Mangrove Restoration Project: Oceanium-Senegal

Project 2 of 49

The background

Senegal has about 185,000 hectares of mangrove estuaries of Casamance and Sine Saloum. 45,000 hectares of mangroves since the 70s, a quarter of the total area, following the droughts of the 70s and 80s, but also due to reduced freshwater flows entering watershed due to development of upstream agriculture, deforestation of mangroves for firewood and construction, and infrastructure of anti-salt dams and roads blocked exchanges coastal saltwater / freshwater.Read more

The project

The project is to accelerate the resettlement of mangroves in areas where it does not happen spontaneously, by planting mangrove species of Rhizophora in dangerous areas. This is because of the return of a cycle of more rainfall. The restoration of an ecosystem producing fishery resources (fish, shellfish) and wood is the main benefit expected.

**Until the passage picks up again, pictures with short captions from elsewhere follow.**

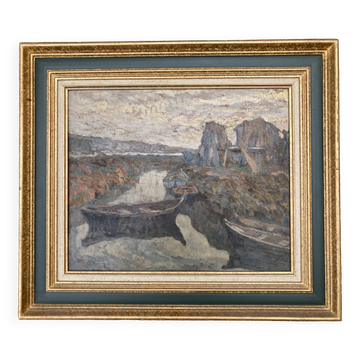 Tableau - La barque de pêche sur l'étang de Berre - F Olivier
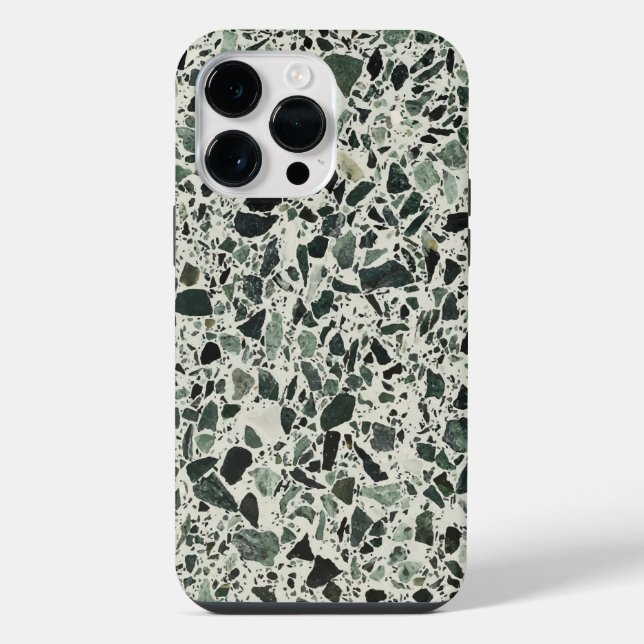 Coque iPhone Terrazzo Vert Moderne (Verso)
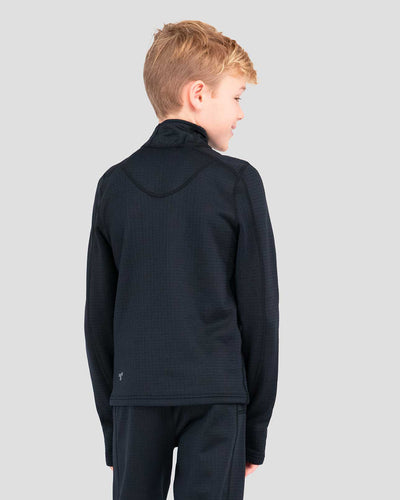 Kids' Ecolator® Heavyweight Performance Half-Zip Baselayer Top | Color: Black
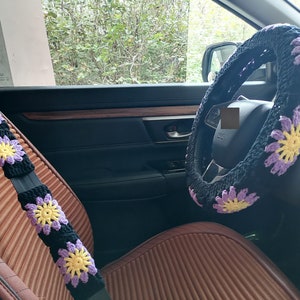 Sunflower Steering Wheel Cover,Crochet Steering Wheel Cover,Steering Wheel Cover For Women,Crochet Car Accessories,Cute Steering Wheel Cover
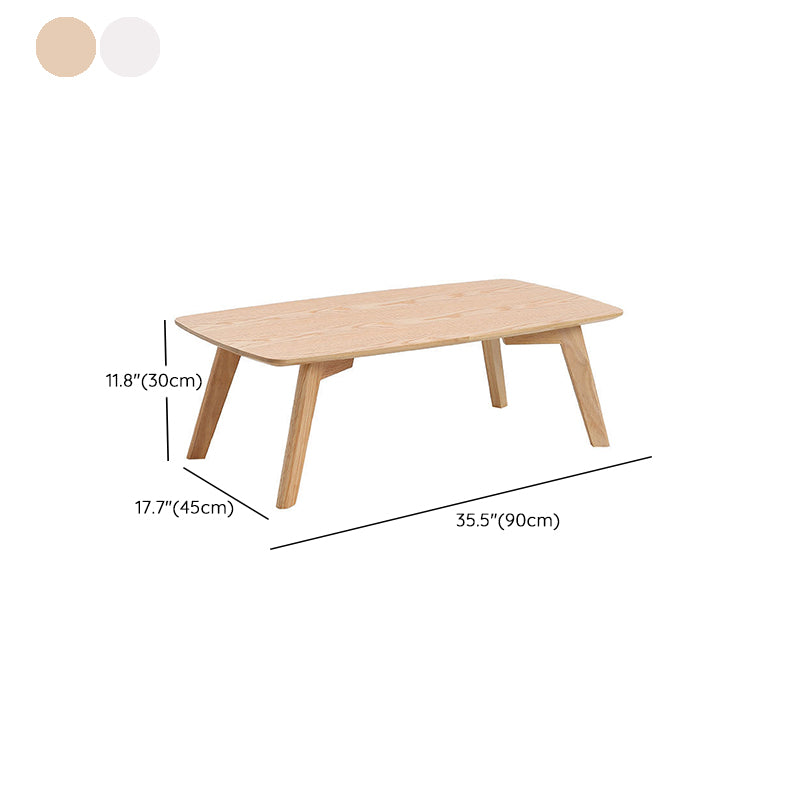 Solid Wood 4 Legs Coffee Table Modern 11.8" H Cocktail Table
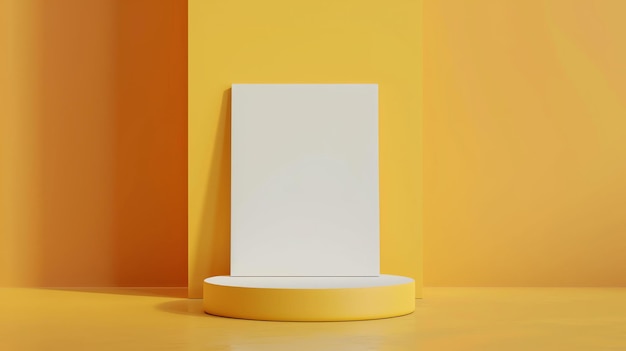 写真 黄色い背景のポディウム上にある白い垂直のポスターの3dレンダリング
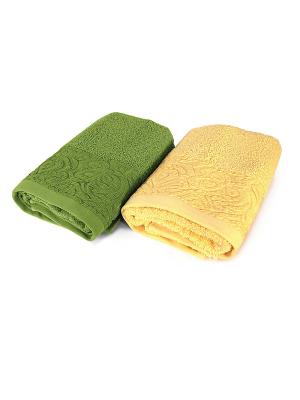 Комплект махровых полотенец, 2 шт. Тет-а-Тет. Цвет: желтый, зеленый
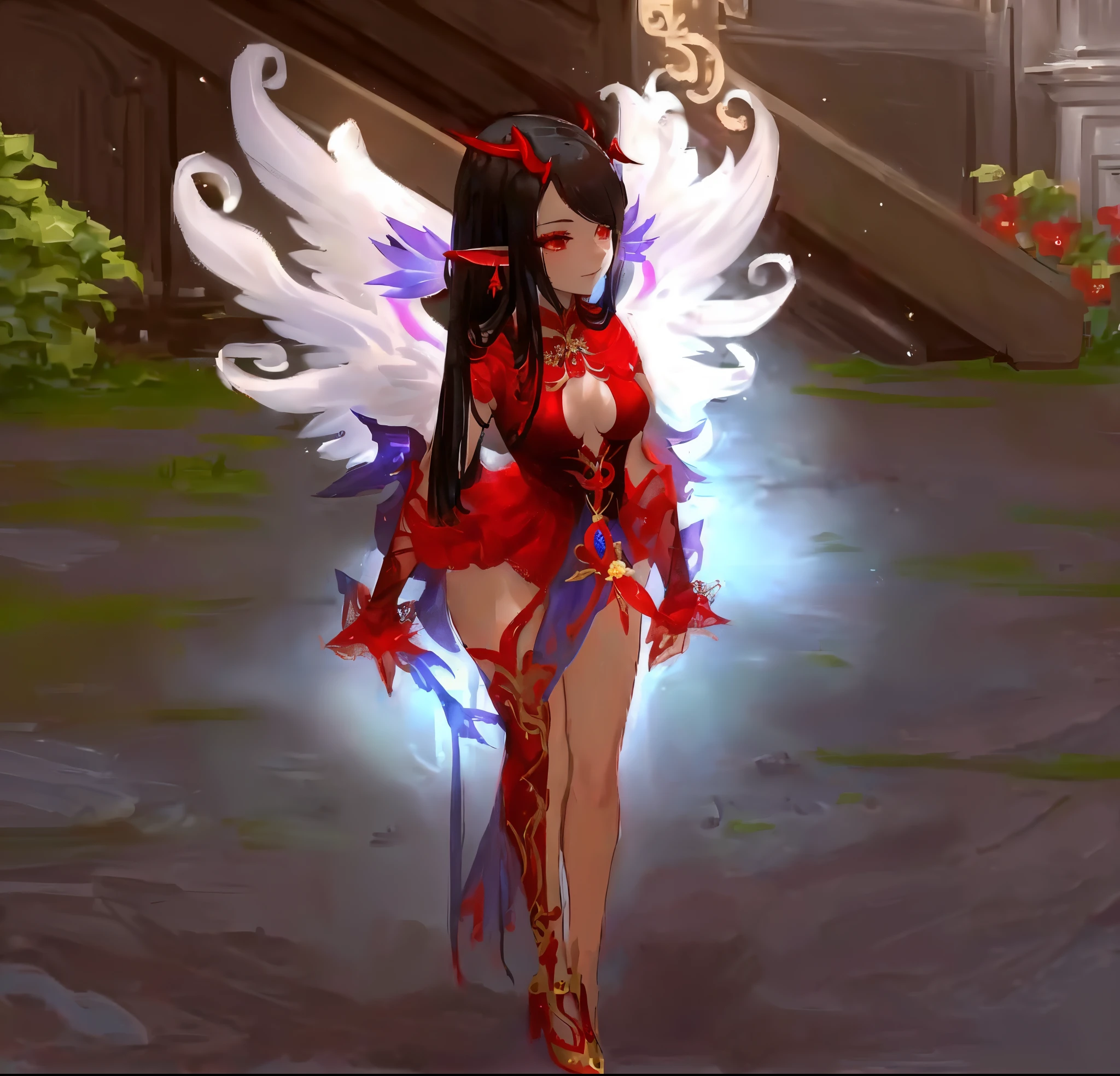 Close-up of a person in a red dress with wings, full-body xianxia, fantasy outfit, succubus in tight short dress, infernal nymph!!!, ne zha from smite, inspired by Pu Hua, fuchsia skin below the armor, alluring mesmer woman, aion, spellcasting pose, complex costume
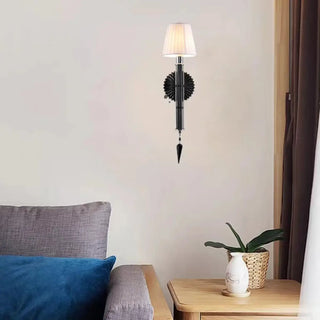 Cylinder White Pleated Glass Bedroom Wall Sconce Zawala Image - 3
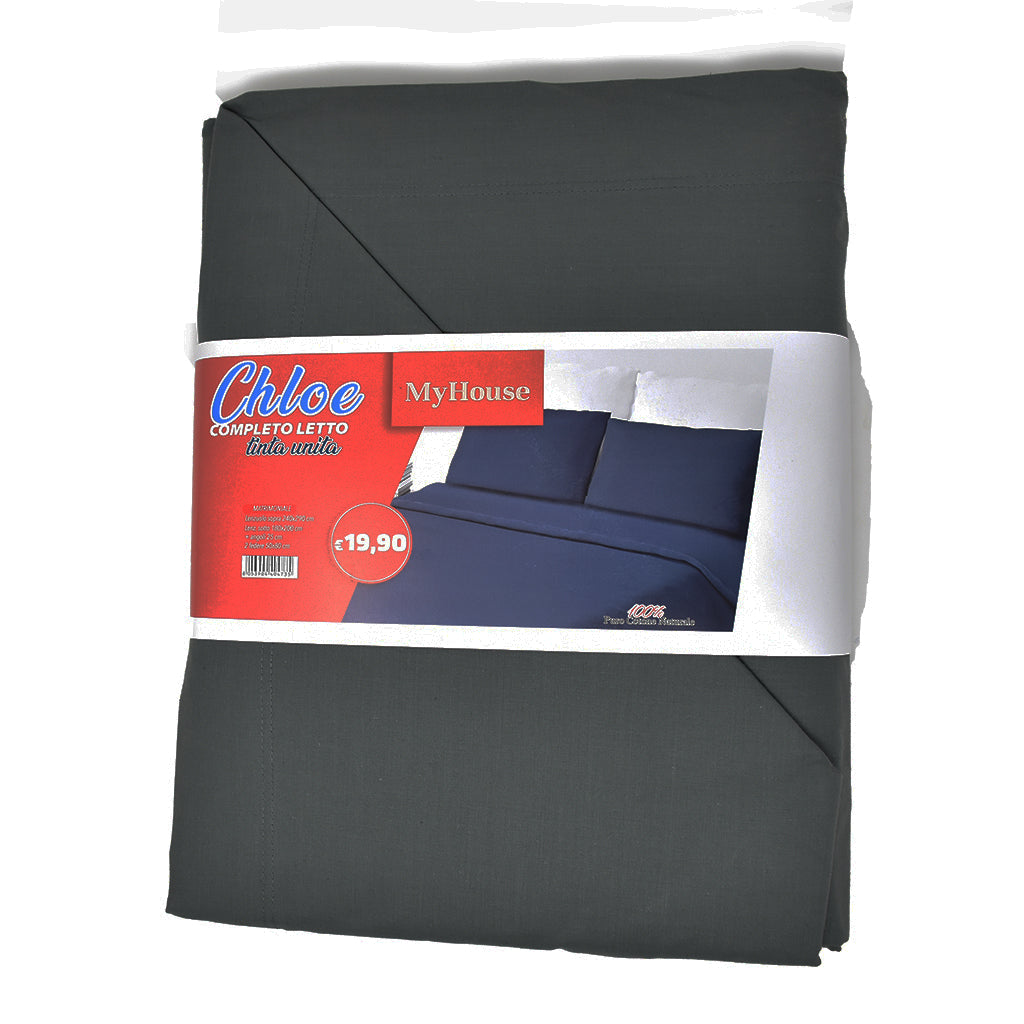 Completo Letto 100% Cotone Tinta Unita My House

Social and environmental impact

The association oceanium is active since the late 90s in defense of the marine environment, the management of artisanal fisheries and in the creation of marine protected areas. It started replanting of mangroves in 2008, of 173 hectares. With support from Danone and now Livelihoods Fund, it increased to 1,700 hectares in 2009 and 4900 hectares in 2010 and 2011 with a carbon potential of 0.36 million for 20 TeqCO2. End 2012, the initial target of 6,000 ha was exceeded to reach 10,000 ha of mangroves replanted in an exceptional level of social mobilization (350 villages involved, 200,000 people).

Level of validation

The project was validated by the UNFCCC Board. The approval of the Senegalese authorities (LoA) was obtained in March 2011. This approval is subject to a tripartite Memorandum of Understanding of 10 years between Livelihoods, oceanium and the Senegalese government. The validation of the project under VCS (Voluntary Carbon Standards) is scheduled for end 2013.


Biome: Mangroves

Location: Casamance and Sine Saloum, Senegal

status: Active


External link:


Text by Anne Nyambane, UNEP.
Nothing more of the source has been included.